22. En ce qui concerne la qualité des fruits indigènes commercialisés sur le marché britannique, il ressort du dossier que le " Council " formule des recommandations concernant le calibrage des fruits commercialisés au début de la saison et que ces recommandations sont plus exigeantes que ce qui est prescrit par les normes de qualité communautaires. En outre, les rapports annuels du " Council " font apparaître que celui-ci effectue des visites de contrôle sur les marchés de gros et qu'il signale les cas de non-respect de ces recommandations aux producteurs en cause ainsi qu'aux organisations auxquelles les grossistes concernés sont affiliés.

23. A cet égard, il convient de souligner que la réglementation portant organisation commune des marchés dans le secteur des fruits et légumes comporte un système de normes de qualité qui est applicable aux produits ici en cause et qui présente un caractère exhaustif. A moins que cette réglementation n'en dispose autrement, les Etats membres et, à plus forte raison, des organismes tels que le " Council ", sont donc empêchés d'imposer des dispositions unilatérales concernant la qualité des fruits commercialisés par les producteurs.

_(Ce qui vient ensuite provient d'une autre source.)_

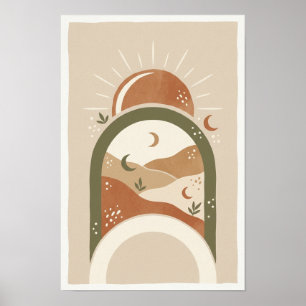 Poster Pôster Boho Sol e Arcos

24. Les normes communautaires n'excluent certainement pas une concurrence sur la qualité des produits entre les producteurs d'un Etat membre ou entre ceux-ci et les importateurs. Elles ne s'opposent pas non plus à ce que les producteurs veillent à la renommée des produits nationaux ni à ce qu'un organisme tel que le " Council " donne des conseils aux producteurs à cet égard, sous la forme de pures recommandations concernant la qualité et la présentation des fruits commercialisés. Par contre, toute tentative de la part d'un tel organisme d'imposer le respect de ces recommandations en appliquant des sanctions quelconques ou en exploitant l'autorité que lui confère sa constitution en vue d'exercer une pression sur les producteurs ou sur les commerçants, serait contraire au caractère exhaustif de la réglementation communautaire.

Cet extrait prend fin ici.